> **YOUR GOAL**
Once you reach the line with "2002 S10 LS" below, copy each line exactly, stopping after the line with "list of schools in Navalur", and skip any pictures.

> **DATASET CONTENT**

[Start of Attachment]

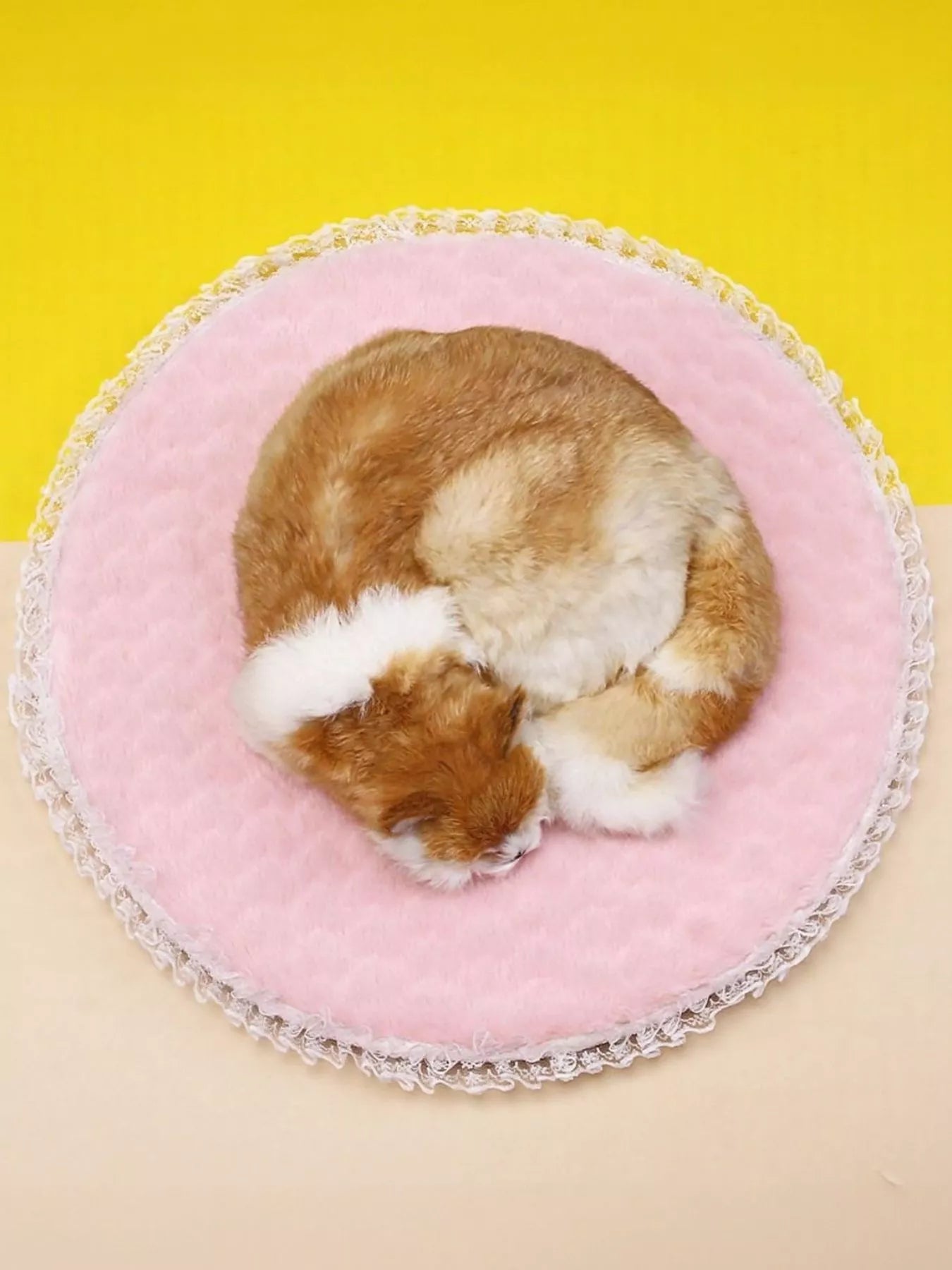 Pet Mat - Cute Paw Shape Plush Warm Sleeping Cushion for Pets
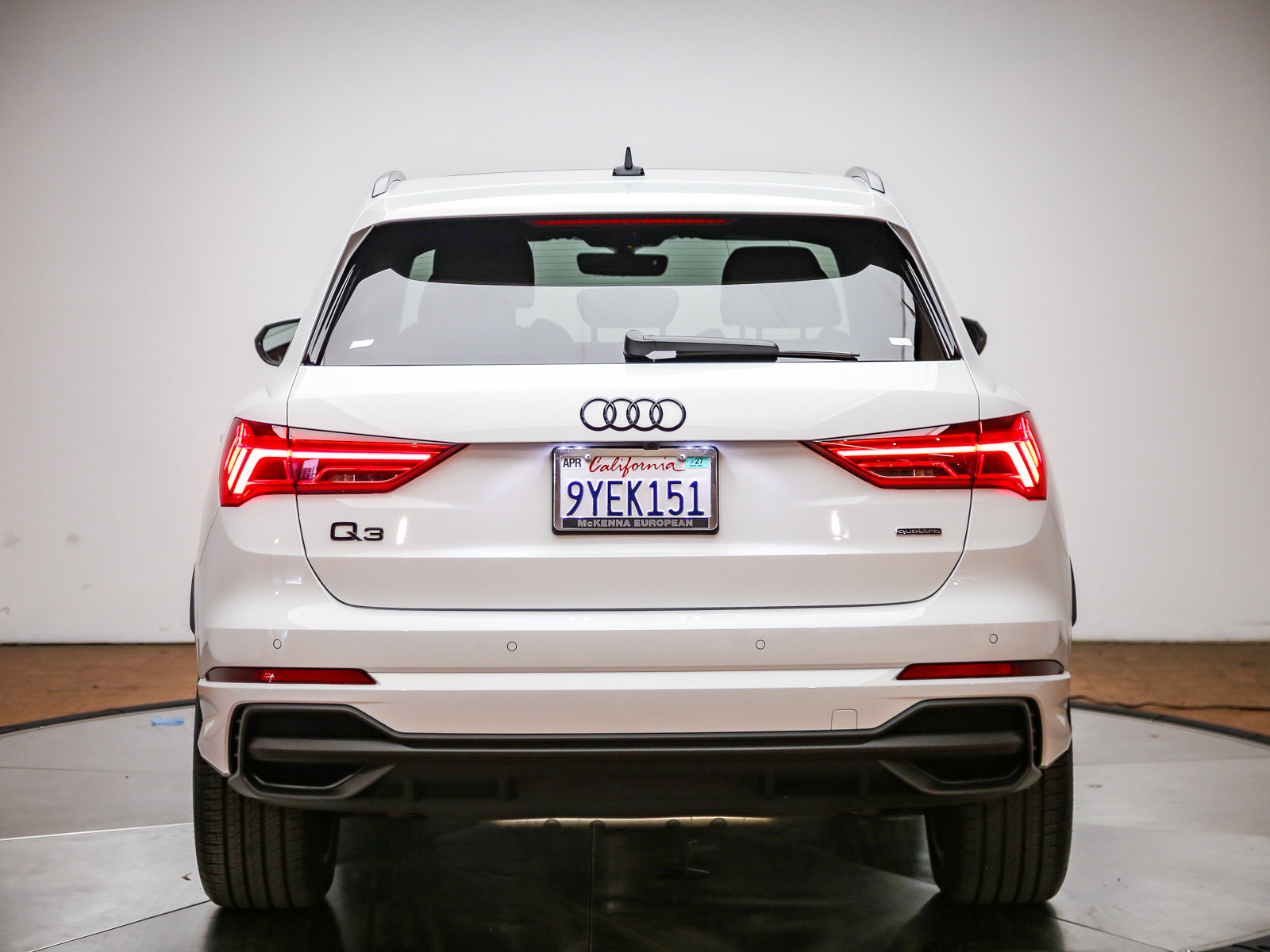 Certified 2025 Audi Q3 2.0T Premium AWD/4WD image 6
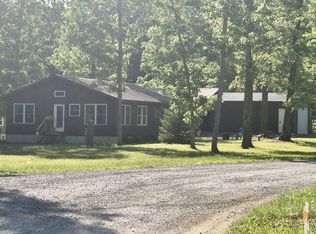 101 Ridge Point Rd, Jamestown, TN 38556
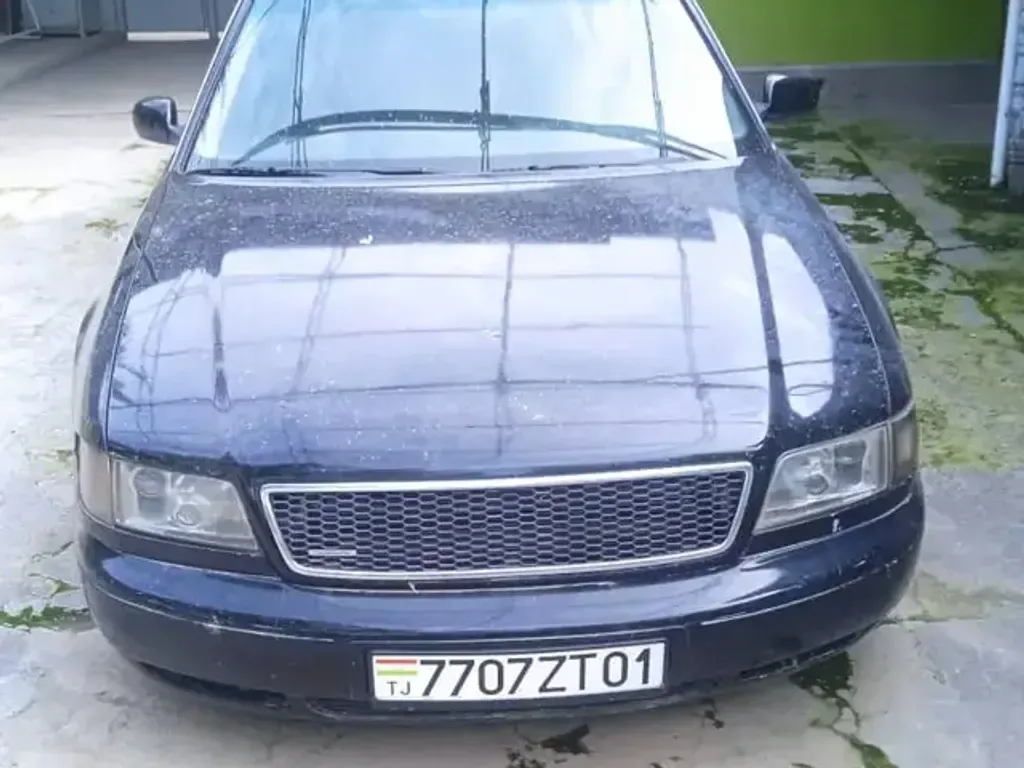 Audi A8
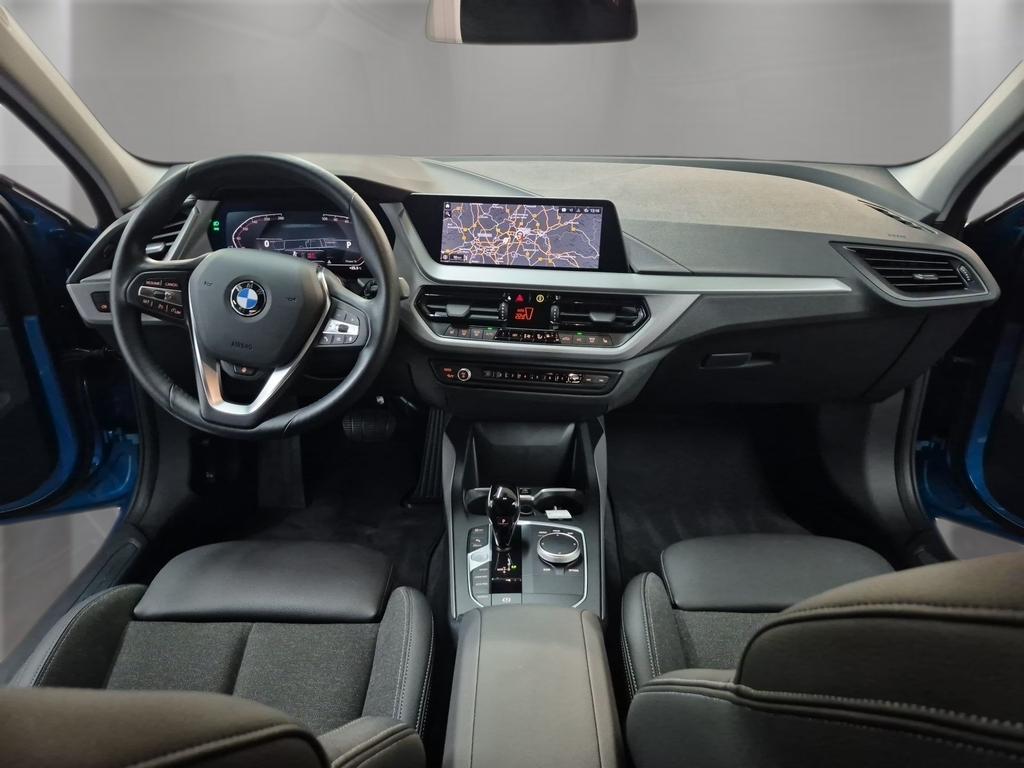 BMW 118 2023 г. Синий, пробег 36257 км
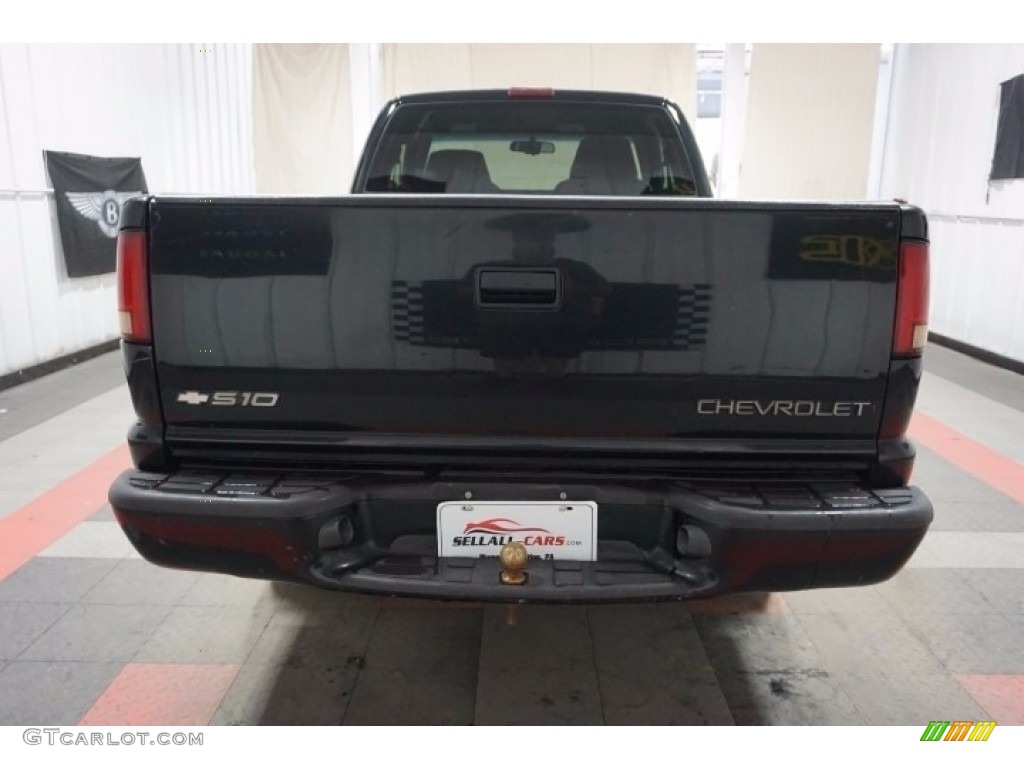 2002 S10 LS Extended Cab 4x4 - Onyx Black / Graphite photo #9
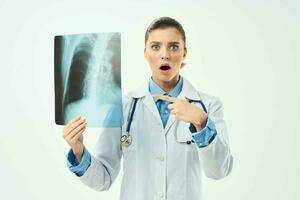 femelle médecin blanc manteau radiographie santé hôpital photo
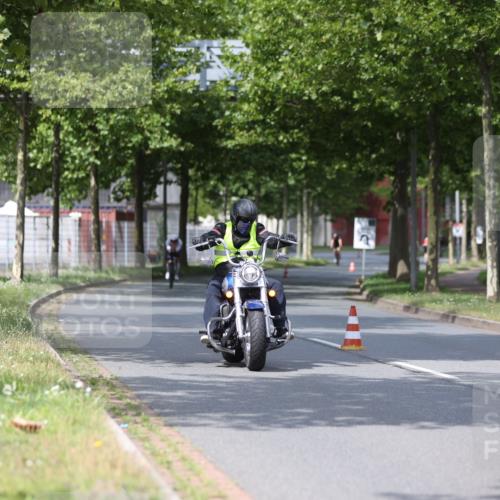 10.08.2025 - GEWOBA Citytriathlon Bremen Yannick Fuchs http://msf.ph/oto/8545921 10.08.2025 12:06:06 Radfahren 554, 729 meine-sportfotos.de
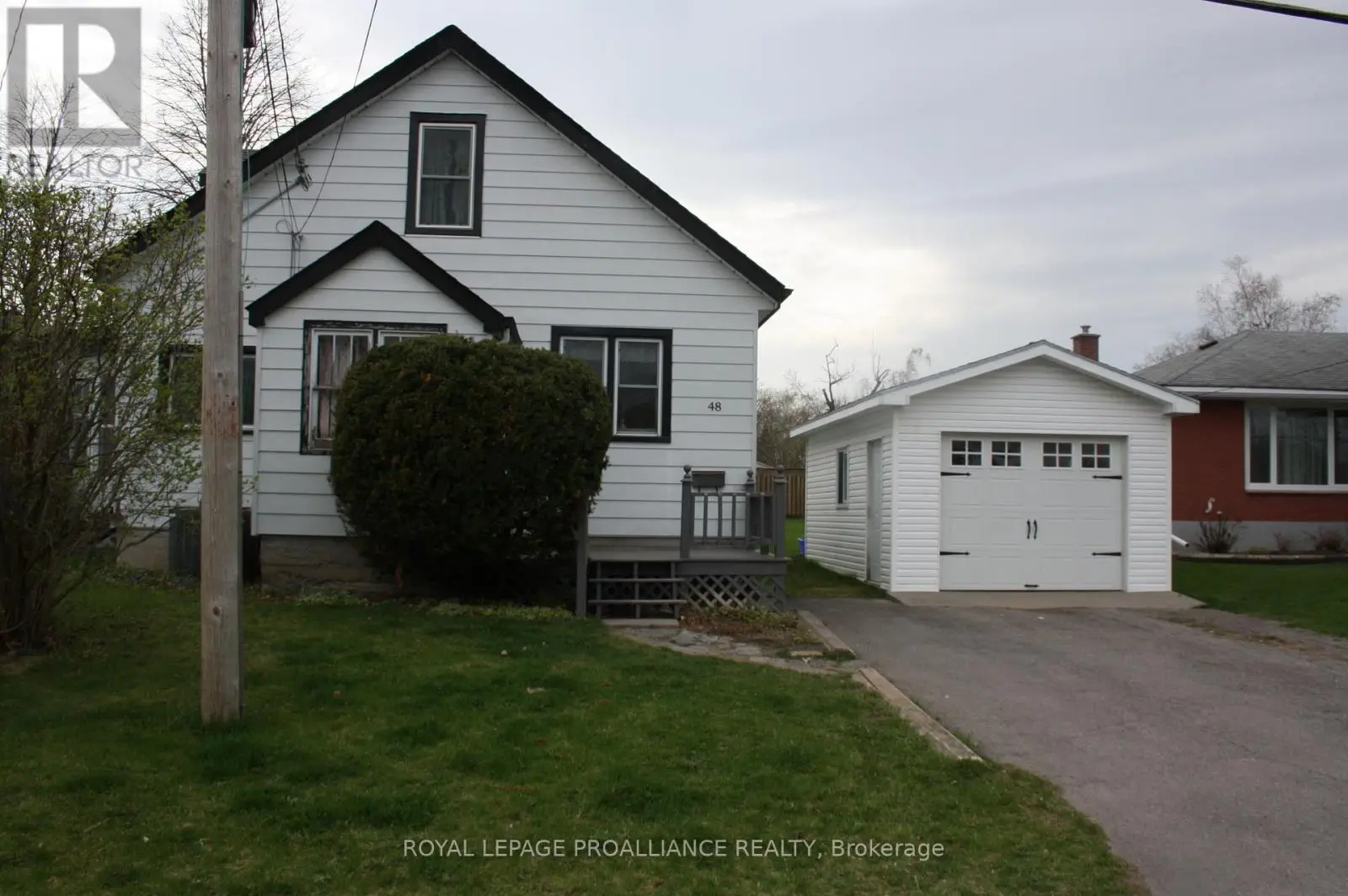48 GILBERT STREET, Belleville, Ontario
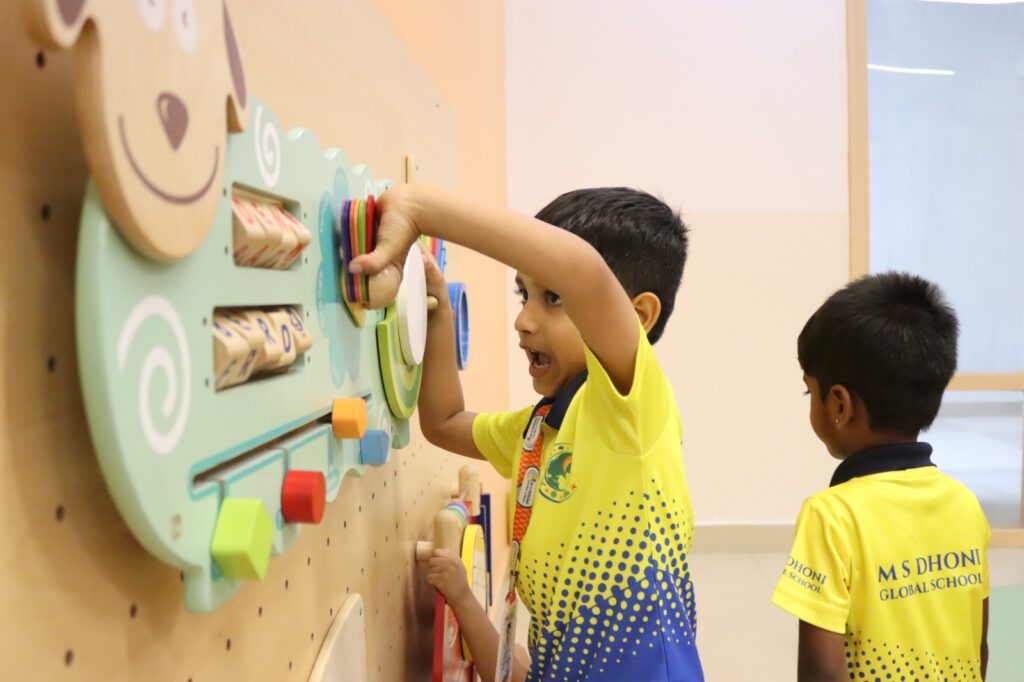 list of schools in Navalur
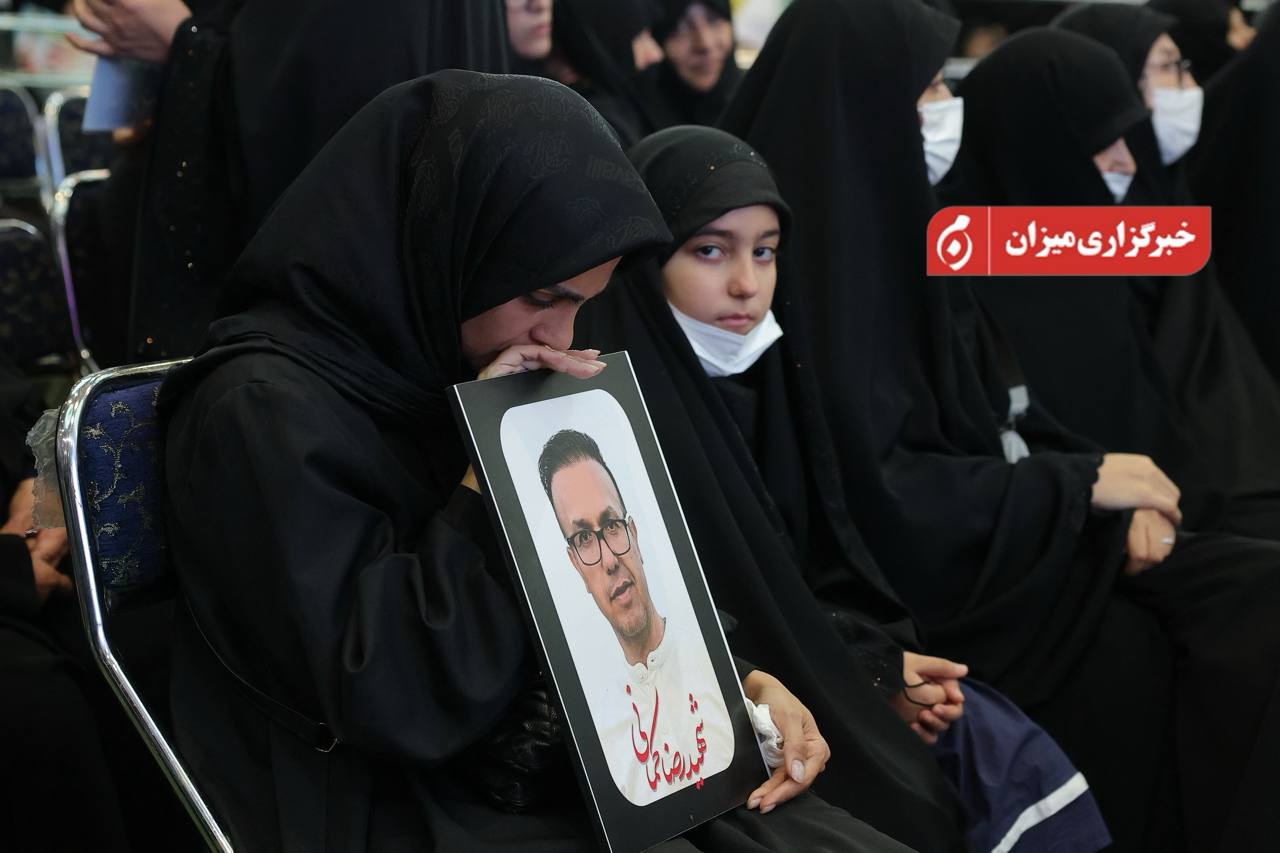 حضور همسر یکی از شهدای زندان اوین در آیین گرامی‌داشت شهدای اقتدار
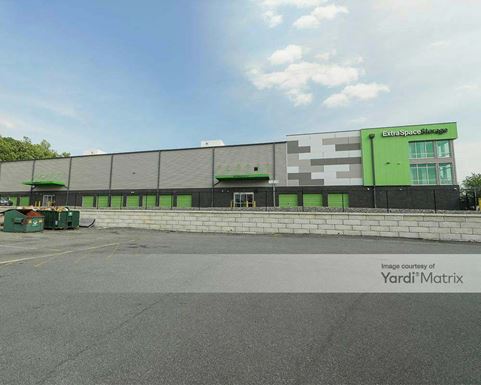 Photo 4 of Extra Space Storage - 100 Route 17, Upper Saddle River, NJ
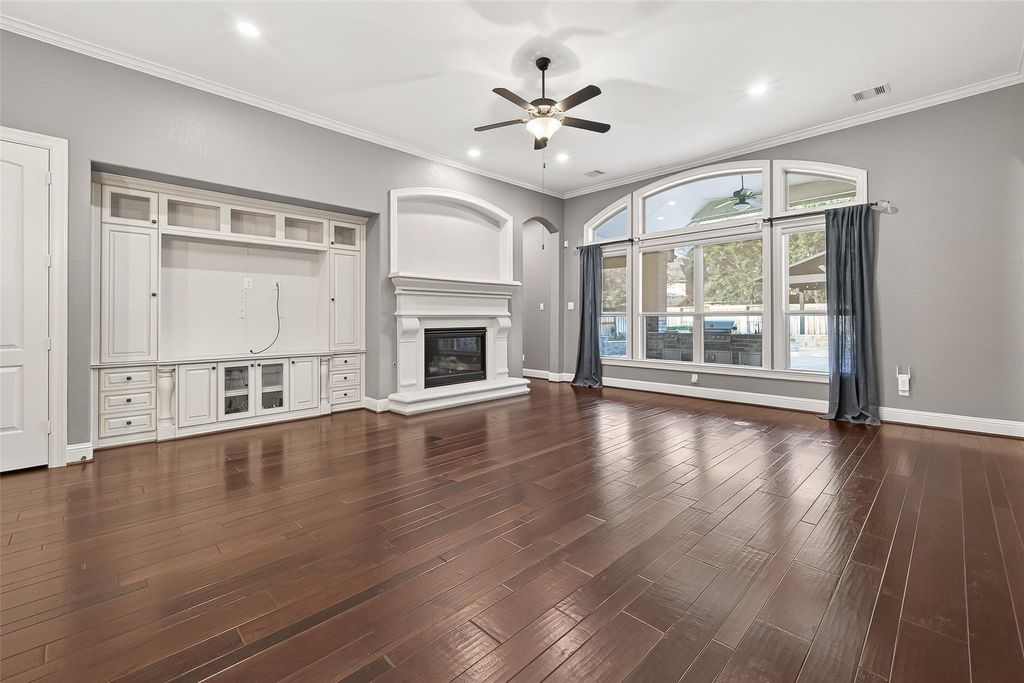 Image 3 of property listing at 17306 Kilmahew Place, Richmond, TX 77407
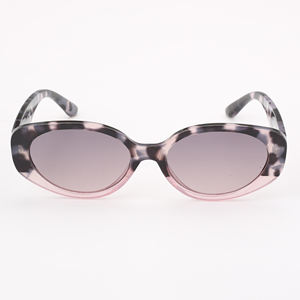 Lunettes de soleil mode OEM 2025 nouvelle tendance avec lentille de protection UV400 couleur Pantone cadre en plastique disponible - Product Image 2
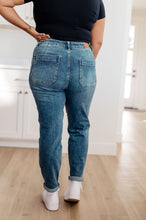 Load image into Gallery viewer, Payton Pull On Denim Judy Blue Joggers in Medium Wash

[End of Attachment]

> **EXERCISE SOLUTION**
 2002 S10 LS Extended Cab 4x4 - Onyx Black / Graphite photo #9
 femelle médecin blanc manteau radiographie santé hôpital photo
 10.08.2025 - GEWOBA Citytriathlon Bremen Yannick Fuchs http://msf.ph/oto/8545921 10.08.2025 12:06:06 Radfahren 554, 729 meine-sportfotos.de
48 GILBERT STREET, Belleville, Ontario
 list of schools in Navalur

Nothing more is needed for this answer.